Assignment =>
Within the records below, find the line with "Direito Eleitoral e" and the line with "Women Mules Shoes", then reproduce exactly those two lines and all lines between them, without any picture.

Source material =>
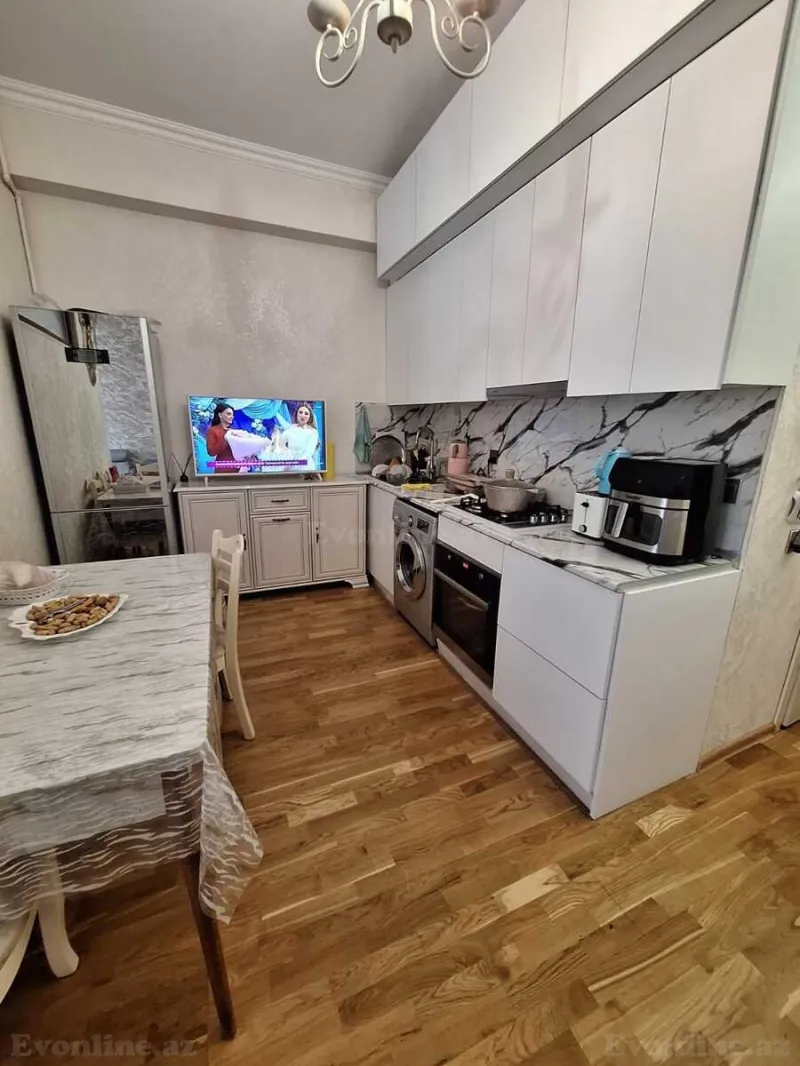 Satılır 2 otaqlı Mənzil Yeni tikili 38 m² Qara Qarayev m. - şəkil 5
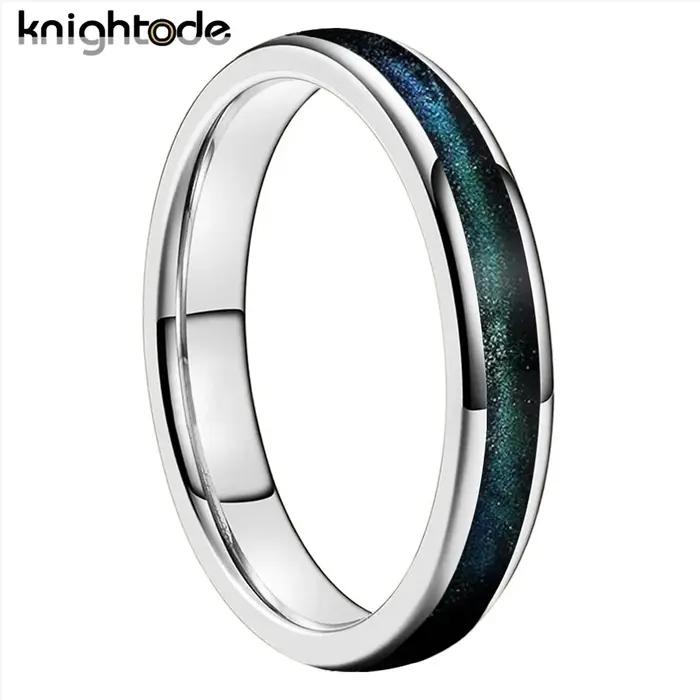Bague de mariage pour femme en carbure de tungstène 4 mm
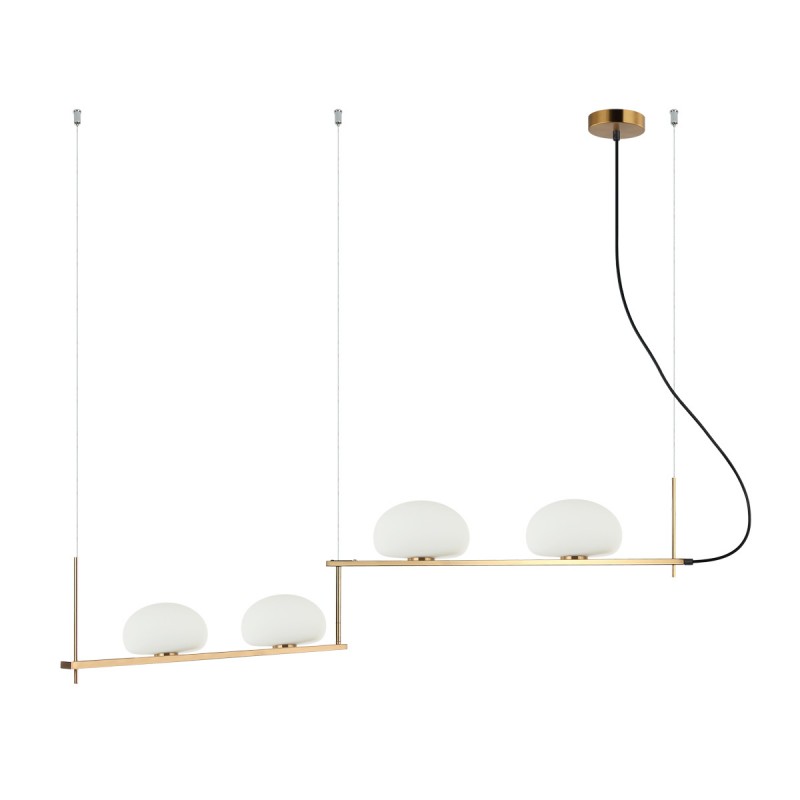 Sklep Mylight|Lampa wisząca Kernio PND-357784-BRO+W Italux Mosiężny|717,00 zł|466,34 zł|Owietlenie Italux|5902854533343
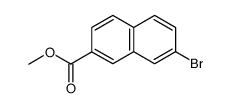 7-bromo-naphthalene-2-carboxylic acid methyl ester Structure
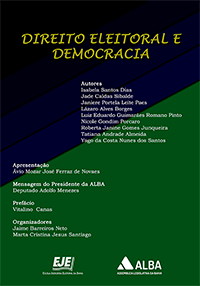 Direito Eleitoral e Democracia. Capa azul e verde.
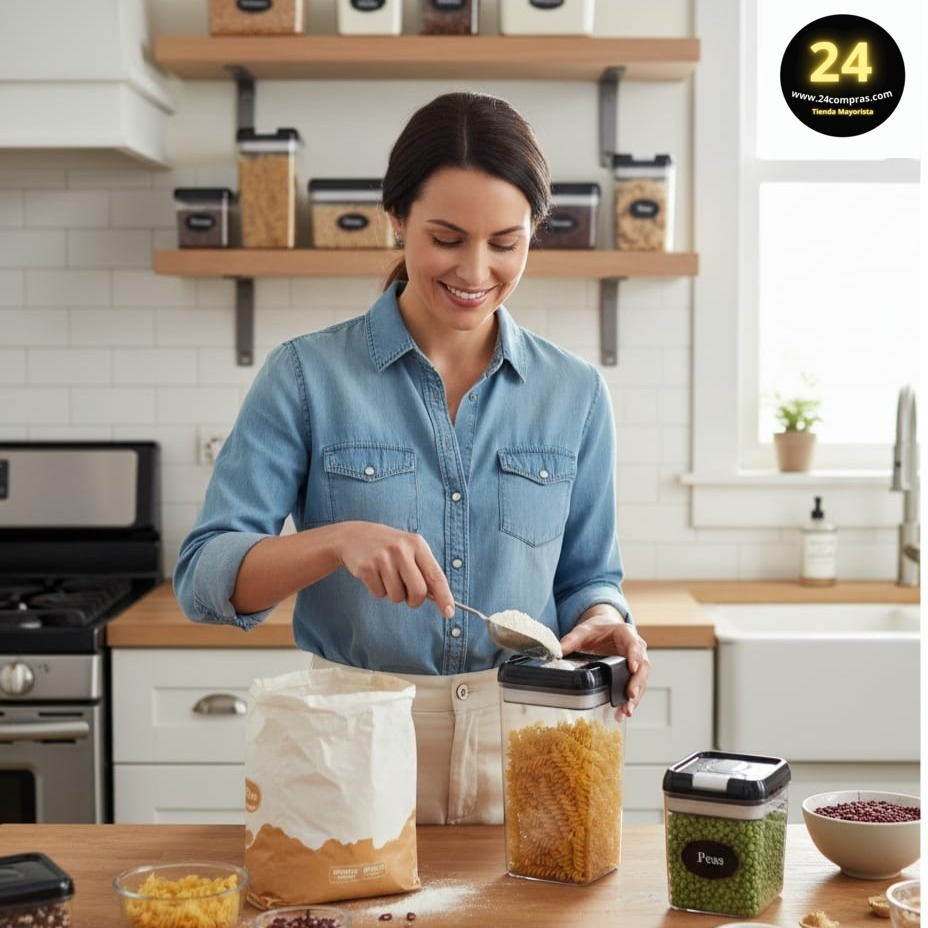 SET CONTENEDORES HERMÉTICOS PARA ALIMENTOS X  7 PIEZAS -  A-522 0786 - Imagen 1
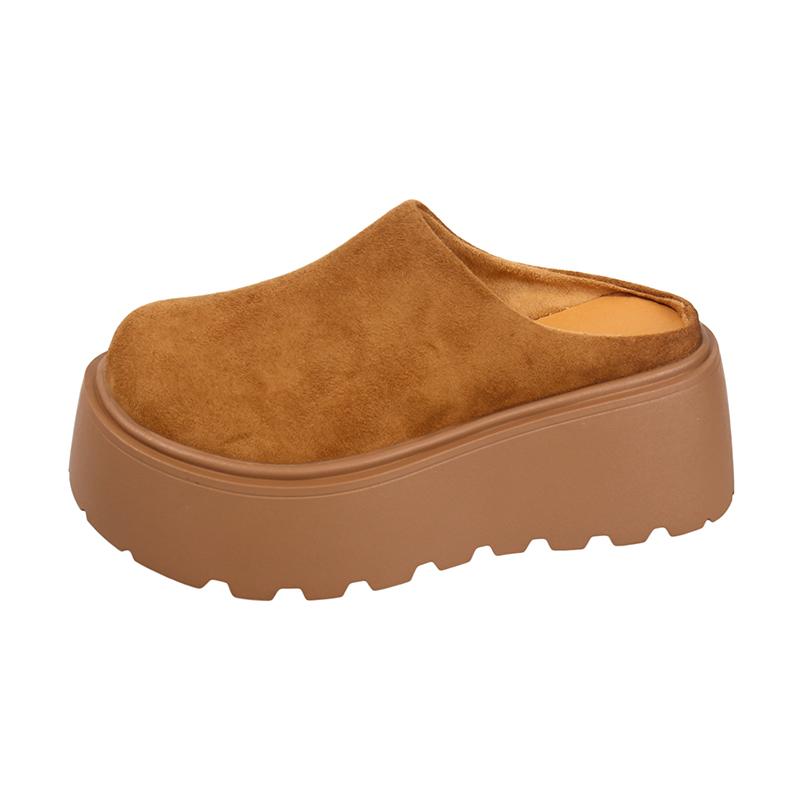 Women Mules Shoes Flats Platform Slippers New 2025 Trend Winter Slingback Sneakers Woman Casual Flip Flops Zapatos Mujer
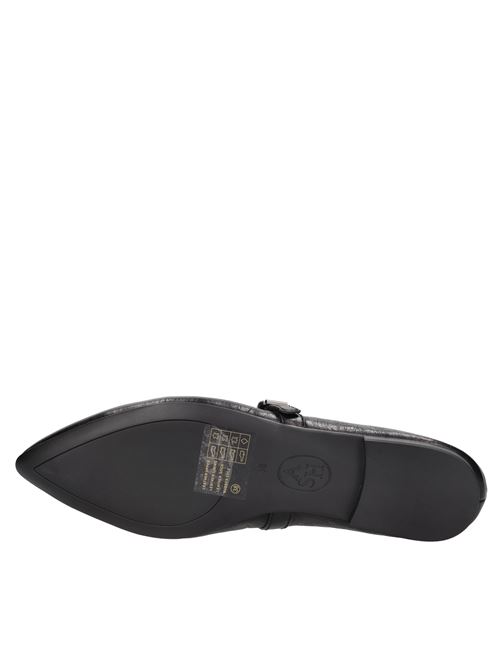 Ballerine modello Beatnik in pelle e borchie ASH | BEATNIK02NERO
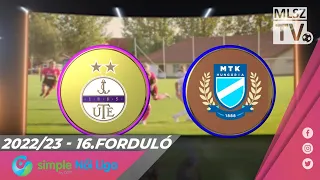 Újpest FC - MTK Budapest | 0-7 | Simple Női Liga | 16. forduló | MLSZTV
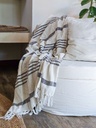 MANTA BUCLE NATURAL COMBINADA 125X150 CM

Solved problem =>
 Direito Eleitoral e Democracia. Capa azul e verde.
 SET CONTENEDORES HERMÉTICOS PARA ALIMENTOS X  7 PIEZAS -  A-522 0786 - Imagen 1
 Women Mules Shoes Flats Platform Slippers New 2025 Trend Winter Slingback Sneakers Woman Casual Flip Flops Zapatos Mujer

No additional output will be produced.